At the high risk of sacrilege, allow me to postulate that we do not usually build economies through investment in good elementary and secondary schools.
Instead, good public schools inevitably become the top priority, thus a natural byproduct, of economic boons arising from other factors.
Here are those factors, in descending order of relevance: pure blind luck, personal ingenuity and initiative, politics and higher education.
Devalue education? I fail to see how. I plainly said that the first thing anyone does after a economic boon is invest in better public schools. Wanting the best for your kids is universal. I’m saying you’re better able to provide the best after you’ve become rich by some nonschool development.
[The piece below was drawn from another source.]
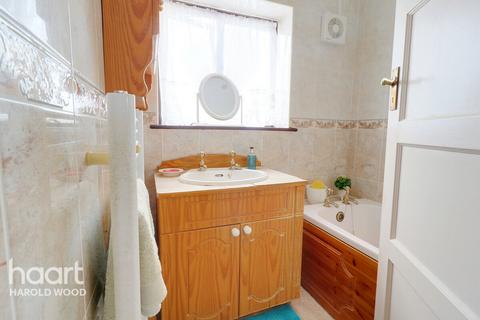 37 Daventry Road, Romford, RM3 7QS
Let us consider the four factors:
1. “It’s a lottery out there,” U.S. Rep. Marion Berry told me the other day. He was referring to one of several long-overdue encouraging economic signs for East Arkansas. There’s natural gas in the ground east of Little Rock, south of Newport and north of Brinkley, give or take. Well-educated people elsewhere have figured out how to drill for it, and they are taking all the risks. The vast, flat farmland is becoming dotted with wells. Some of our people stand to get very rich.
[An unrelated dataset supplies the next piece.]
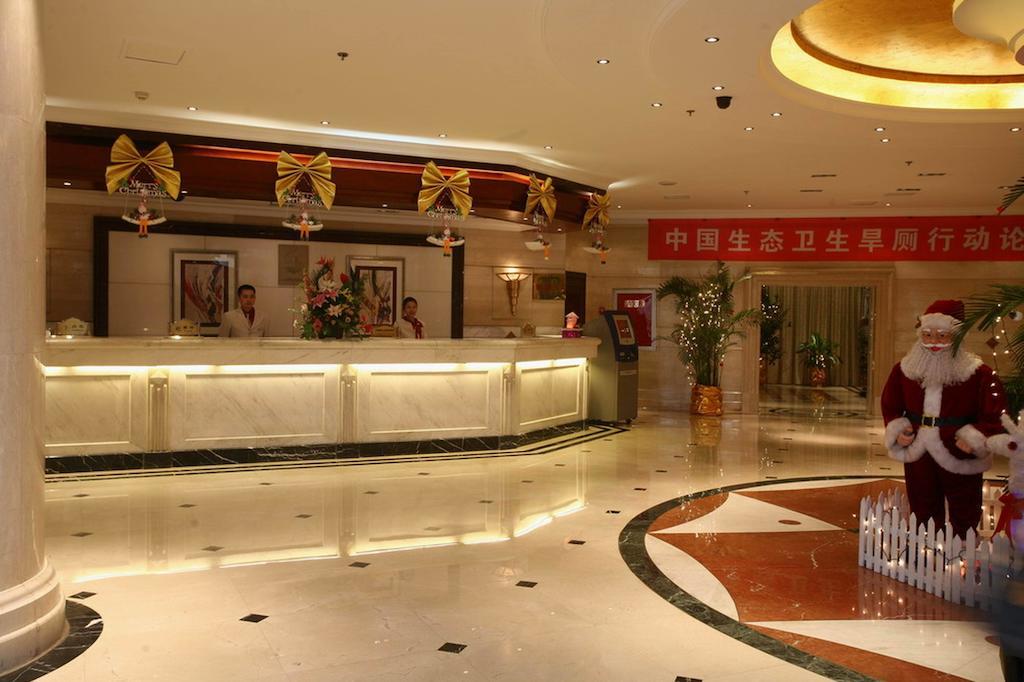 Lutianhua Hotel Чънду Екстериор снимка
It’s good luck that the Japanese automakers have has run out of other places to build trucks and will almost assuredly next choose some of our land nestled against the Mississippi River. That’s because the land happens to sit in mid-America in the shadow of the Memphis population center and at the intersection of cross-country interstate highways.
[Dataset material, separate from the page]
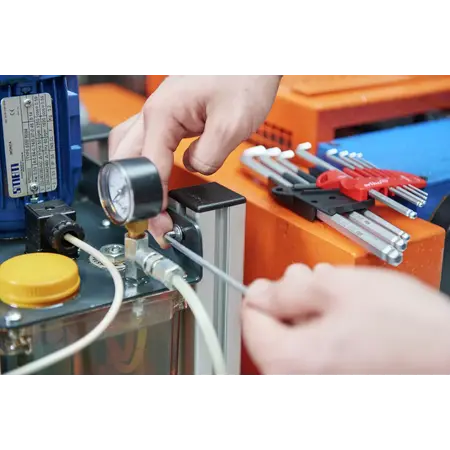 L-key set in ProStar holder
2. Northwest Arkansas did not become one of the nation’s economic edens because its schools were spectacular. It happened because of the individual ingenuity and initiative of Sam Walton, J.B. Hunt and the Tysons.
Blind luck is a factor as well. Sam Walton could as easily have come from Magnolia or Paragould.
Northwest Arkansas now has some of the best schools in the state. That’s thanks to the boon resulting from individual ingenuity and initiative, and from luck.
3. Personal ingenuity and initiative contributed, as well, to the River Market boon in downtown Little Rock. But it never could have happened without politics and government, and, as always, luck.
Bill Clinton getting elected president helped. He could as easily have moved to Louisiana when his mom went off to learn how to become a nurse anesthetist. That would have put his presidential library in, oh, Baton Rouge.
What proved essential was politics and government: Little Rock’s city fathers, standing up to sweet offers to Clinton from Georgetown and elsewhere, weathered the storm of criticism and played a shell game to provide the land to put the presidential library at the end of the River Market.
Meantime, another exciting East Arkansas development is the biosciences research facility at Arkansas State University in Jonesboro. That got funded by pure luck — manna from a nationwide tobacco lawsuit settlement that others took the trouble to litigate.
But it also got funded by politics. The state legislature was run at that time by the aforementioned Mike Beebe, then a state senator. He had attended ASU and served on the board. The success of any plan to distribute the money depended on Beebe’s being obliged by cutting in ASU.
4. The best quality of life tends to exist in towns with four-year colleges, for perhaps self-evident reasons. Batesville has Lyon College and is doing better than Newport. Conway and Russellville, with four-year colleges, are doing better than Morrilton about halfway between.
Am I saying it’s better to be lucky than educated? Not at all. I’m saying luck usually comes first.